Intro to engine concepts¶
Overview¶
Recall from our earlier tutorial, there are 4 steps to a workflow (configure
, schedule
, execute
, and save
).
This tutorial will give an overview of how to modify the schedule
and determine which computer execute
is called on. Up until now, we have been using the default behavior for these two steps. But now we want to instead do the following:
schedule
: submit the workflow to a queue of many other workflowsexecute
: run the calculation on a remote cluster
Visualizing our setup¶
The following schematic will help with understanding the concepts described below. Take a moment to understand the organization our resources and use this as a reference when reading below.
graph TD;
A[user 1]-->E[scheduler];
B[user 2]-->E;
C[user 3]-->E;
D[user 4]-->E;
E-->F[cluster 1];
E-->G[cluster 2];
E-->H[cluster 3];
F-->I[worker 1];
F-->J[worker 2];
F-->K[worker 3];
G-->L[worker 4];
G-->M[worker 5];
G-->N[worker 6];
H-->O[worker 7];
H-->P[worker 8];
H-->Q[worker 9];
graph TD;
A[Jack's submissions]-->E[cloud database];
B[Scott's submissions]-->E;
C[Lauren's submissions]-->E;
D[Siona's submissions]-->E;
E-->F[WarWulf];
E-->G[LongLeaf];
E-->H[DogWood];
F-->I[slurm job 1];
F-->J[slurm job 2];
F-->K[slurm job 3];
G-->L[slurm job 4];
G-->M[slurm job 5];
G-->N[slurm job 6];
H-->O[slurm job 7];
H-->P[slurm job 8];
H-->Q[slurm job 9];
What is a scheduler?¶
A scheduler is something we submit workflows to and it is what controls when & where to run workflows.

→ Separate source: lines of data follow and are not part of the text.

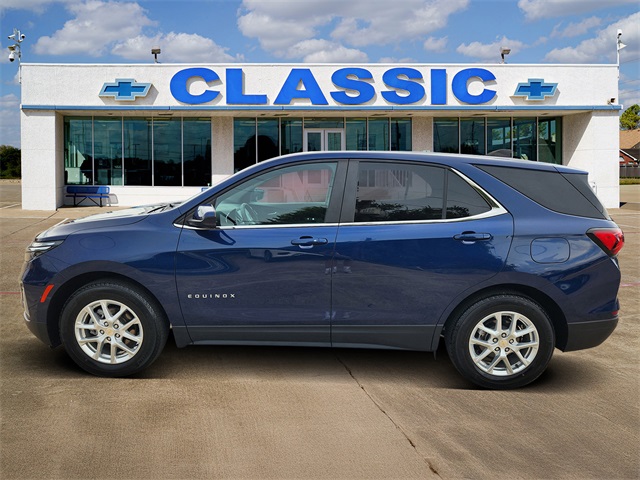 2022 Chevrolet Equinox LT - 3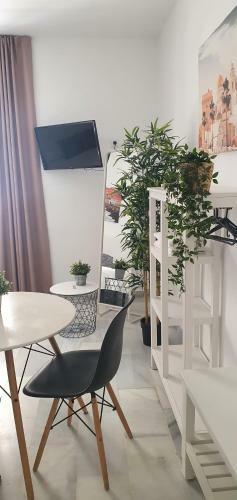 Cadiz Inn Suites & Apartments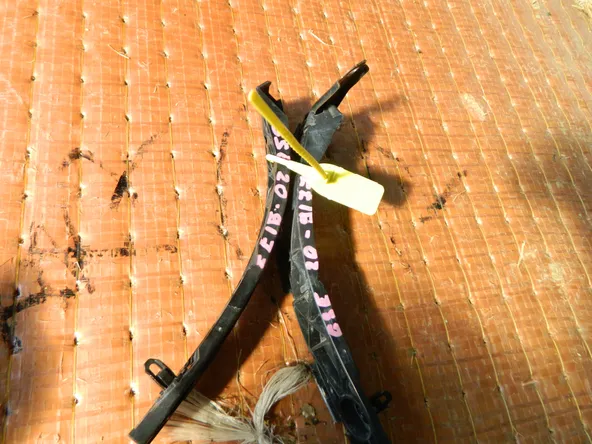 Крепеж бампера LEXUS IS250 GSE20 Зад Лев+Прав (Контрактный) 94603908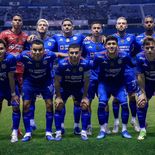 Cruz Azul no pudo remontar el 0-3 de la ida ante LAFC. Apenas empató 1 a 1 en el Estadio Cuauhtémoc, y queó eliminado de la Concachampions. Resignó su título y la afición pidio la salida del técnico Nicolás Larcamón. Cruz Azul no pudo remontar el 0-3 de la ida ante LAFC. Apenas empató 1 a 1 en el Estadio Cuauhtémoc, y queó eliminado de la Concachampions. Resignó su título y la afición pidio la salida del técnico Nicolás Larcamón.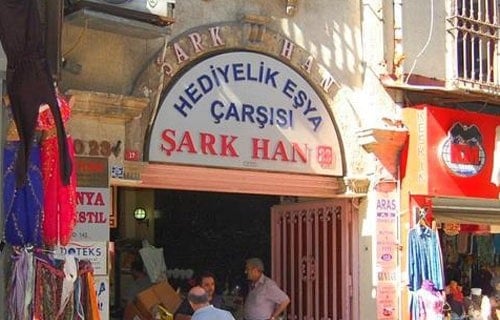 Eminönü Gezilecek Yerler: Tarihi Yarımada’nın Kalbine Yolculuk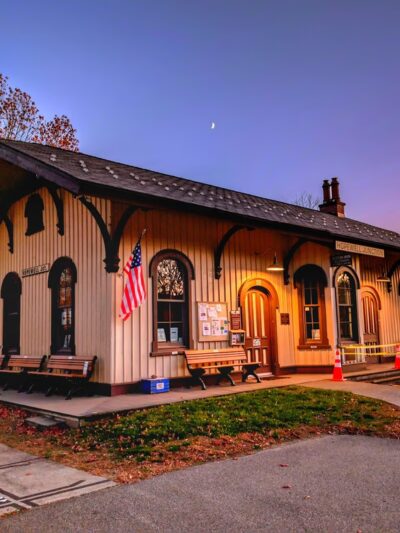 Rail Trail - Hopewell Depot Parking - Hopewell Junction, NY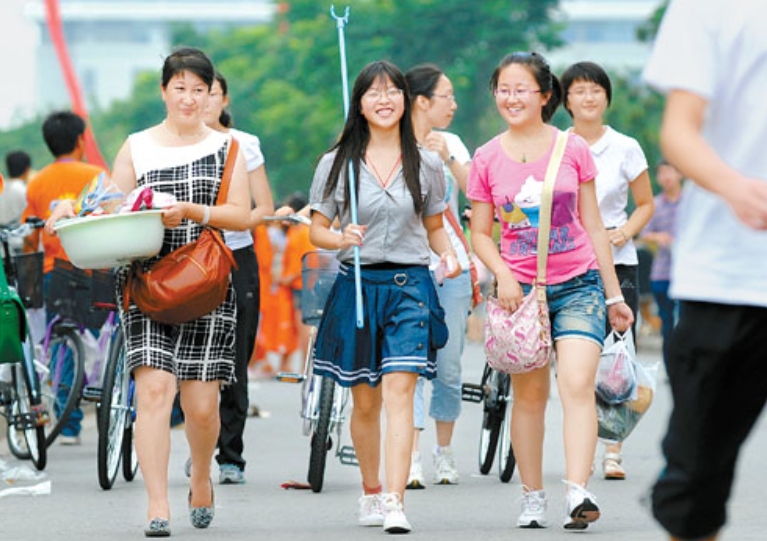 大学“生活费”应该给多少？看完这张档次表，家长们直言被忽悠了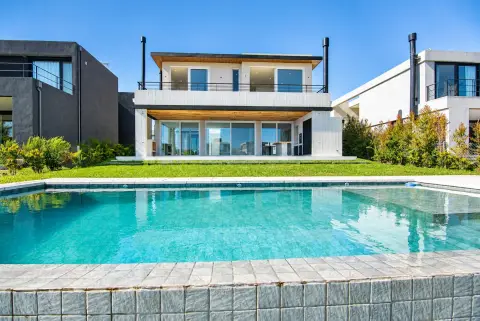 Casa de 5 dormitorios en Nordelta, Tigre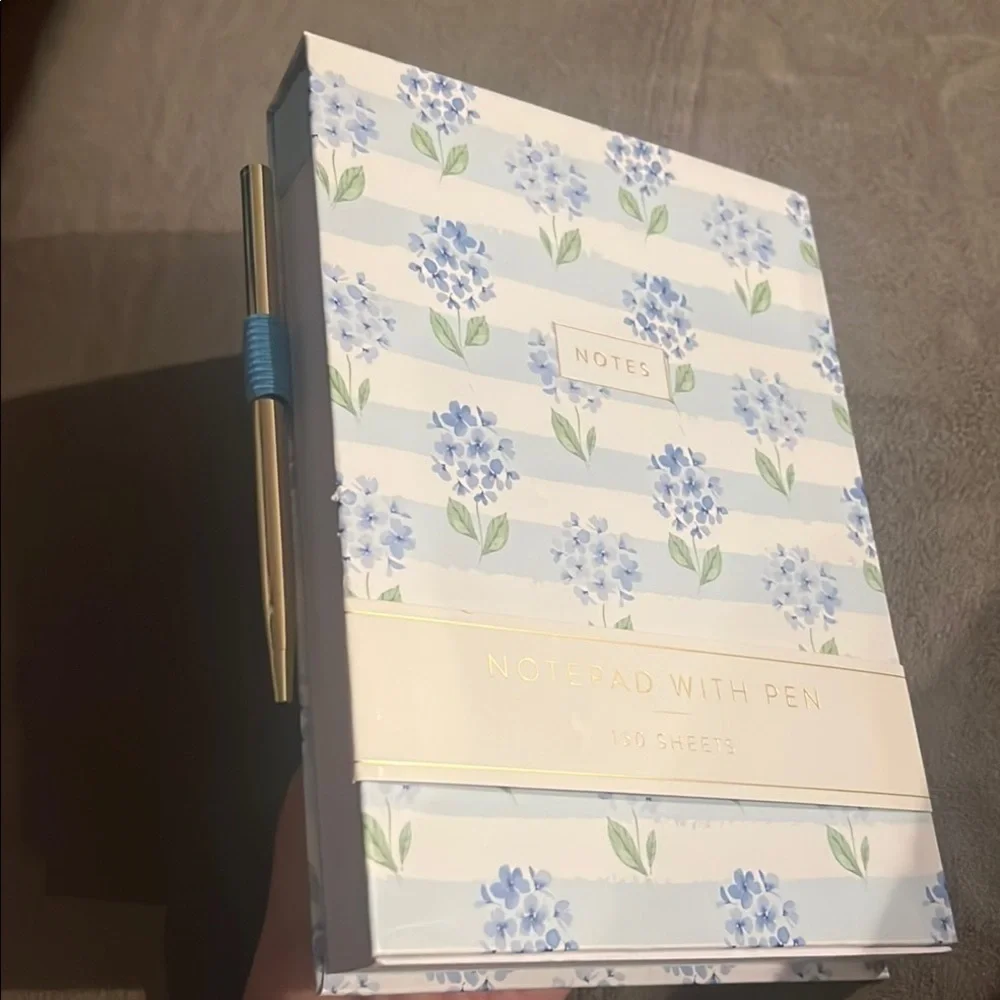 Floral 💙🩵 Notepad with Pen 150 sheets blue and white hydrangeas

The terms "scheduler" and "executor" are sometimes used interchangeably. As a bunch of workflows are submitted, our scheduler forms a queue and keeps track of which ones to run next. To do this, we can use the built-in SimmateExecutor
, Dask, or Prefect as our scheduler. For this tutorial, we will use the SimmateExecutor
because it is the default one and it's already set up for us.
What is a cluster?¶
A cluster is a group of computational resources that actually run the workflows. So our scheduler will find whichever workflow should be ran next, and send it to our cluster to run.

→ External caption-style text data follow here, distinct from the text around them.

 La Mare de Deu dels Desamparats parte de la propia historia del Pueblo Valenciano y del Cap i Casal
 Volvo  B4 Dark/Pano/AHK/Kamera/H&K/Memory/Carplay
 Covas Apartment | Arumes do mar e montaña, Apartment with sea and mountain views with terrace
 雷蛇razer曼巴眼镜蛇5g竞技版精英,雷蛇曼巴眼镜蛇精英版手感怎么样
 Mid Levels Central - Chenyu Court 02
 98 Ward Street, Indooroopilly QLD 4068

Clusters are often made up of workers -- where a worker is just a single resource and it works through one job at a time. For example, say we have 10 computers (or slurm jobs) that each run one workflow at a time. All computers together are our cluster. Each computer is a worker. At any given time, 10 workflows will be running because each worker will have one it is in charge of. Because we are using the SimmateExectuor
, we will be using SimmateWorker
s to set up each worker and therefore our cluster. Set-up for each worker is the same -- whether your resources are on a cloud service, a supercomputer, or just simple desktops.